# New Cedar Deck Ruined by Dog



## Knucklez (Oct 21, 2007)

i love my dogs, but sometimes.....

new cedar decking, literally installed and one hour later dog's claws are raked across it leaving big gouges. i know i can sand them out, but it will happen again. probably i should have used different material that is stronger, but i already purchased the cedar so its going down. 

what do you suggest? is there like a protective hardening material i can put on the surface?


----------



## Bud Cline (Mar 12, 2006)

Knucklez said:


> i love my dogs, but sometimes.....
> 
> new cedar decking, literally installed and one hour later dog's claws are raked across it leaving big gouges. i know i can sand them out, but it will happen again. probably i should have used different material that is stronger, but i already purchased the cedar so its going down.
> 
> what do you suggest? is there like a protective hardening material i can put on the surface?


Cedar is probably the softest material you could have chosen. Looks like you may be stuck with the consequences of that decision. How about you trim their nails or buy them some booties?


----------



## de-nagorg (Feb 23, 2014)

Deck restore, or any of those new deck repair products.

Of course it will ruin your look of a wood deck, but will be more durable for the dog traffic.


ED


----------



## joecaption (Nov 30, 2011)

Use IPE instead.


----------



## SeniorSitizen (Sep 10, 2012)

Boot the unruly dog.

http://www.gundogsupply.com/-950-.html


----------



## nanuk (Aug 14, 2011)

An electric fence right next to the foundation. Dogs learn fast. Then you may remove it.


----------



## MTN REMODEL LLC (Sep 11, 2010)

Dog distressed ceder decking is all the rage..........

Actually, I think that ceder decking is going to get pretty beat up by any traffic.....

you may just be looking at brand new decking with its first marks (happens to be the dog).... 

but I think you will be living with a normally distressed deck, unless it gets alwfully light/carefull use.


----------



## ront02769 (Nov 28, 2008)

Soft cedar as a deck, the dogs mess will be quickly overtaken by scrapes, scuffs, scratches, etc. from anyone else walking on it.

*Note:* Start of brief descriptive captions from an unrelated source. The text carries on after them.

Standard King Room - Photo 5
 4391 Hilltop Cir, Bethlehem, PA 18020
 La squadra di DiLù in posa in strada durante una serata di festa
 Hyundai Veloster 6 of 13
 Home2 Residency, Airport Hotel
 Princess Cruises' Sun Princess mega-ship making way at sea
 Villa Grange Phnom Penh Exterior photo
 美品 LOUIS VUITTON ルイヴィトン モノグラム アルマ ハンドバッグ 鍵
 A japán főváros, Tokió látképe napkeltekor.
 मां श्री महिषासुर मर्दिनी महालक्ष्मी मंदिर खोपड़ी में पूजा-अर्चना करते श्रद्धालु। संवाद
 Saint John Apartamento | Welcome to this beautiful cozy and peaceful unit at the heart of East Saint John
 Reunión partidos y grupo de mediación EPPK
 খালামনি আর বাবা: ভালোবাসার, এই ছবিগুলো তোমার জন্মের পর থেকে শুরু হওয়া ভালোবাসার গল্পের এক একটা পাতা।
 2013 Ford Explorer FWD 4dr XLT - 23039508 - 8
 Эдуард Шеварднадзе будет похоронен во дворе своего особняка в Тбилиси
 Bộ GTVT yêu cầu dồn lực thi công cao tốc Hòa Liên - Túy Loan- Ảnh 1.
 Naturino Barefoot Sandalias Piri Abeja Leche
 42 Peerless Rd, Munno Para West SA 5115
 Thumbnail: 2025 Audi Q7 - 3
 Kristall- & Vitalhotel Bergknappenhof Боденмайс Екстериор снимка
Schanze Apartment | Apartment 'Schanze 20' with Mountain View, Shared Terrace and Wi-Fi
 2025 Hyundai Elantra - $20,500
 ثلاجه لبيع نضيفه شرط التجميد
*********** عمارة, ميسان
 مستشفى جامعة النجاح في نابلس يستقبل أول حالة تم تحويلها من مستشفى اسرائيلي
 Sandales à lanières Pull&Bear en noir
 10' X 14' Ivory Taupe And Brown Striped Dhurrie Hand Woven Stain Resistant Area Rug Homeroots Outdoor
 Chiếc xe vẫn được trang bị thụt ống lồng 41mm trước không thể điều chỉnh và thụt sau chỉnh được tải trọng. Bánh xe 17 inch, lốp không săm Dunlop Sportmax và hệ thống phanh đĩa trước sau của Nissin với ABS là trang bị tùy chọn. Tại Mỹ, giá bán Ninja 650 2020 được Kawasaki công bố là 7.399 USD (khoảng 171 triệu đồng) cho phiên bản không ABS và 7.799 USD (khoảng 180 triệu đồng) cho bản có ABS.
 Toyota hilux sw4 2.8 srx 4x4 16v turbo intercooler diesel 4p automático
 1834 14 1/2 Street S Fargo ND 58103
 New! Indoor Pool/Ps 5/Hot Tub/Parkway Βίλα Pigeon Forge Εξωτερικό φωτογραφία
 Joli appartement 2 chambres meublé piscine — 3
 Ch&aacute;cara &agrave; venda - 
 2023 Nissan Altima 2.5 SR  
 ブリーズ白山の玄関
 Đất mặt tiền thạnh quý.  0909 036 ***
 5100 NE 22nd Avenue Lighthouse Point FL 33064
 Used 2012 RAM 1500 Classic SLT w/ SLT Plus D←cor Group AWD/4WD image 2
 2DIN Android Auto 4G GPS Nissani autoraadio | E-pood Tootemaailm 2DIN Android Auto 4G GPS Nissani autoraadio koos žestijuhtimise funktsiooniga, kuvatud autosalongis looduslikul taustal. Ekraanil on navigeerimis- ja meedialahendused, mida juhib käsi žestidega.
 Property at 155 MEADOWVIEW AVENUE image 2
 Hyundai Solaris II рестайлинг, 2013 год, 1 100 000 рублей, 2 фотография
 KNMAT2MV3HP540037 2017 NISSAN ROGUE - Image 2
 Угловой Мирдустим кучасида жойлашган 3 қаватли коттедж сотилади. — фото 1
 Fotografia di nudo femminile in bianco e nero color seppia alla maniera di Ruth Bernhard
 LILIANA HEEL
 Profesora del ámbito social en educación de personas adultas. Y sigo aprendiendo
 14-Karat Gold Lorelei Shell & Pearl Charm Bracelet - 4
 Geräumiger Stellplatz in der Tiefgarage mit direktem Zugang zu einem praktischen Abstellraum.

Ron


----------



## Knucklez (Oct 21, 2007)

thanks for the feedback. i will just grow to like the distressed look i guess. not going to stain this deck, not going to seal it (as per recommendation from the Cedar guy). 

just let it weather and look stressed.. and pretend that's the look i was going for all along ;P


----------



## nanuk (Aug 14, 2011)

Just now I realized this is about a deck!
My post applies to cedar siding, hence it makes no sense whatsoever...
:whistling2:


----------



## Knucklez (Oct 21, 2007)

i just thought you hated dogs ;P


----------



## BigJim (Sep 2, 2008)

How about installing a gate to keep the dogs off the deck?


----------



## Knucklez (Oct 21, 2007)

that's a good idea. not going to work for me though, but thx


----------



## John108 (Jul 6, 2014)

I used a product called Olympic wood protector (blue can) on my Cedar deck. It's a transparent stain that has UV protection, scuff resistant. Two coats on deck boards. It looks great and seems to be helping with scuff marks. Not sure if it's claw proof.


----------



## stadry (Jun 20, 2009)

gawda'mighty, whatever you do, impo, run from the ' restore ' type products or wait til the class action lawsuit's settled,,, good luck, knuck !


----------



## Tom738 (Jun 1, 2010)

Some dogs grow out of it. Other dogs then start to work on your wooden doors...


----------



## jimn (Nov 13, 2010)

One of the 1000's of reasons I don't own a dog, or correction let a dog own me. Dogs are great as long as they are someone else's .


----------



## Californiadecks (Aug 30, 2012)

Trim your dog's nails


----------



## Knucklez (Oct 21, 2007)

after a few weeks i stopped caring and now it just looks lived in. still love the all cedar deck and as its a natural non-chemical saturated wood i feel good knowing my dogs and family can lie down on it or walk around and not worry.


----------